Induktive Höranlagen – auch Ringschleifen oder Induktionsspulen genannt – übertragen Sprache und Musik über ein elektromagnetisches Feld. Hierzu wird innerhalb des Raumes ein Kabel verlegt, das an einen Verstärker angeschlossen ist. Sprechen die Teilnehmer in Mikrofone, werden die Sprachsignale in das Schleifenkabel übertragen. Innerhalb der Schleife entsteht ein elektromagnetisches Feld, das mittels einer Induktionsspule im Hörgerät oder in einem Cochlea-Implantat abgehört werden kann. „So können beispielsweise Wortbeiträge der Teilnehmer ohne Qualitätsverlust an das Ohr übertragen werden. Nebengeräusche und Raumakustik sind effektiv ausgeblendet“, teilt die AWO mit. „Solche technischen Hilfsmittel sind eine wichtige Voraussetzung, um Menschen mit Hörbehinderungen eine vollumfängliche Teilhabe am Leben in der Gesellschaft im Sinne der UN Behindertenrechtskonventionen zu ermöglichen“, so Jeanette Sidneb, Leiterin der AWO Beratungsstelle für Menschen mit Hörbehinderung.
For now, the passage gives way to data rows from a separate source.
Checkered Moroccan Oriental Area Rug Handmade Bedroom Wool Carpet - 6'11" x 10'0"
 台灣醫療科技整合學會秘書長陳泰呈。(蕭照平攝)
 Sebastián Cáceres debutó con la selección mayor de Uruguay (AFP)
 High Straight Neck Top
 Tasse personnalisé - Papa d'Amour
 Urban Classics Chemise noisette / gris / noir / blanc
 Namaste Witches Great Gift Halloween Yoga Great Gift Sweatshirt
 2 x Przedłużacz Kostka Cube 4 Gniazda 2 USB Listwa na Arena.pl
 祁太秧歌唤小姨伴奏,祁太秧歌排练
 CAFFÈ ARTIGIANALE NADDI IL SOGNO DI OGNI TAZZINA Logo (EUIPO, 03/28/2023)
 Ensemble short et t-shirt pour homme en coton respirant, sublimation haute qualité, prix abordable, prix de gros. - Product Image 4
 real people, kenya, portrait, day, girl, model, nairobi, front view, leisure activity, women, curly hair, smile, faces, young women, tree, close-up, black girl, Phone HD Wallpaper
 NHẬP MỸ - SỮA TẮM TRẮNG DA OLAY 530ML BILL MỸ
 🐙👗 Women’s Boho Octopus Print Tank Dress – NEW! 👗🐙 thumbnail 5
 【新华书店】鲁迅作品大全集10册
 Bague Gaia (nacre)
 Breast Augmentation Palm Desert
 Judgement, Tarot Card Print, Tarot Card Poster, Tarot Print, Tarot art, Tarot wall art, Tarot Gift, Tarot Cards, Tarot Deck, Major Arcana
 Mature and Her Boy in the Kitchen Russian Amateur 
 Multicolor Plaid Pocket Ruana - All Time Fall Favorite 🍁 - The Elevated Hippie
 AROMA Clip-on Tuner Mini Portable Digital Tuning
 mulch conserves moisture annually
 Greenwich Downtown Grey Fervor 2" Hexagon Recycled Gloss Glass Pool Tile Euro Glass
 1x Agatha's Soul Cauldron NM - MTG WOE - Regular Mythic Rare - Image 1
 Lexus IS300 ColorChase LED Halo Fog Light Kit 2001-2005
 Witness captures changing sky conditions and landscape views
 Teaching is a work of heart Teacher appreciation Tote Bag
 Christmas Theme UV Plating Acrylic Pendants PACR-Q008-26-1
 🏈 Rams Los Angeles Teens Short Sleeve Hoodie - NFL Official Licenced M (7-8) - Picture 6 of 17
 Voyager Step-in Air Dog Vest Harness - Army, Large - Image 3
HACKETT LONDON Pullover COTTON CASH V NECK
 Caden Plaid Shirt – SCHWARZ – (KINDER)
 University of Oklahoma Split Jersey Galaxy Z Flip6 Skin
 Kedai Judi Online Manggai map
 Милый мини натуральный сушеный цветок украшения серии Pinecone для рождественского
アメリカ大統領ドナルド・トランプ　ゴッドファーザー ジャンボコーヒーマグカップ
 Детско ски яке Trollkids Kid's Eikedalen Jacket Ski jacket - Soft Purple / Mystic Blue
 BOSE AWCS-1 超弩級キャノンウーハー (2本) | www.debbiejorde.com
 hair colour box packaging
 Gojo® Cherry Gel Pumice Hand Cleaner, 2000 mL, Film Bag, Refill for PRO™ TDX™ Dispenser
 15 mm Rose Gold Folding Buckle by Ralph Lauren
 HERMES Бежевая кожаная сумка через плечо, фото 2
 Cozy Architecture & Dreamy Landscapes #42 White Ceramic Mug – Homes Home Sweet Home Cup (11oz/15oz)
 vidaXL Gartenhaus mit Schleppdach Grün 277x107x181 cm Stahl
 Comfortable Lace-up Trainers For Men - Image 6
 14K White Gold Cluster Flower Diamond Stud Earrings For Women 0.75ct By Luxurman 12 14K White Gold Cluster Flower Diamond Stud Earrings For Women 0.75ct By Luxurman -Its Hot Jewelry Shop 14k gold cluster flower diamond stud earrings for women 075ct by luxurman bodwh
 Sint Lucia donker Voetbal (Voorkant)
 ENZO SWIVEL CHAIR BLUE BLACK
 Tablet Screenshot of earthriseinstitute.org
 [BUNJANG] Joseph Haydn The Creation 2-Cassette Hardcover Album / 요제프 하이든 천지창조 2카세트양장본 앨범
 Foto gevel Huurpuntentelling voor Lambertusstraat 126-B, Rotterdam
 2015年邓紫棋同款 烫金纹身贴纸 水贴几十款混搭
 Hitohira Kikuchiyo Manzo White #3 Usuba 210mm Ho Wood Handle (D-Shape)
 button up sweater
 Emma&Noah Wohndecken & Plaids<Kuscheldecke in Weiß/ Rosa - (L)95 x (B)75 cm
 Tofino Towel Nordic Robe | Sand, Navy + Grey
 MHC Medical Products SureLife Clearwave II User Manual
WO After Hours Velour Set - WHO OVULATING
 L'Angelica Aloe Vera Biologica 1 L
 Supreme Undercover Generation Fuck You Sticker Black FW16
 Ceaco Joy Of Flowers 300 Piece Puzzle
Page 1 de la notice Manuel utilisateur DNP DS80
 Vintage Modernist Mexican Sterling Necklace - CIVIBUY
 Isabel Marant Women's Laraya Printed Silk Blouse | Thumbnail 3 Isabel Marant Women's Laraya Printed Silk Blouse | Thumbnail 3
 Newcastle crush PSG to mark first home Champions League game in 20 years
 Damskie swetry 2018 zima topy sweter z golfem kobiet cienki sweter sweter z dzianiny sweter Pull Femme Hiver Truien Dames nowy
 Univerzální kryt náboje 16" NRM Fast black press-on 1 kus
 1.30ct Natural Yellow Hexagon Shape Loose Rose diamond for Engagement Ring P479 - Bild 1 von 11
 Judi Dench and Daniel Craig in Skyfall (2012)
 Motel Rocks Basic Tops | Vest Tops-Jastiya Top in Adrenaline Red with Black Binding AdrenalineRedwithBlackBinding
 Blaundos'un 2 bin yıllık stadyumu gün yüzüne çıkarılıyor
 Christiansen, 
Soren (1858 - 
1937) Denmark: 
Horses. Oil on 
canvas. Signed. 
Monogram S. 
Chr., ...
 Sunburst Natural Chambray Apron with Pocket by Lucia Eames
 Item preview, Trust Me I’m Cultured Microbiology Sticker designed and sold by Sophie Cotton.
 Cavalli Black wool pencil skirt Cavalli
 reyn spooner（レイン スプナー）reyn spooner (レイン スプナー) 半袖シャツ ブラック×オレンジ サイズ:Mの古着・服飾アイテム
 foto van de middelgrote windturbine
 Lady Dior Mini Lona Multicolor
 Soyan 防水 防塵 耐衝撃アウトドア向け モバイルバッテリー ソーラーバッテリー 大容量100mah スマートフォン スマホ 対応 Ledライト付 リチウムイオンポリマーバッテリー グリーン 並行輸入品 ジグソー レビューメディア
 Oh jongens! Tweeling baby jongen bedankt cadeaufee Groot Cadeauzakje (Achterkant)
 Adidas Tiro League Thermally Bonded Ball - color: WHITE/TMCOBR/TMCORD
Auch der Calauer Verein „Seelsorger der Ohren“ ist im Besitz einer Induktionsanlage (die LR berichtete). Diese soll am kommenden Samstag, 20. Oktober, zum „Tag des Hörens“ in der Stadthalle Calau, Lindenstraße 18, präsentiert werden. Um 10 Uhr geht es los, um 10.30 Uhr wird die Anlage erklärt und eingeweiht. Es wird Fachvorträge von Ärzten zur „Reha mit Cochlea Implantat“ geben, ebenso ein Referat der deutschen Rentenversicherung „Rehabilitation, Teilhabe am Arbeitsleben, stationäre Reha“. Dr. Weber, Fachanwalt für Sozialrecht, informiert über Zuzahlungen bei Hörgeräten, und der Integrationsfachdienst Cottbus spricht über Hörstörungen und ihre Auswirkungen im Berufsleben.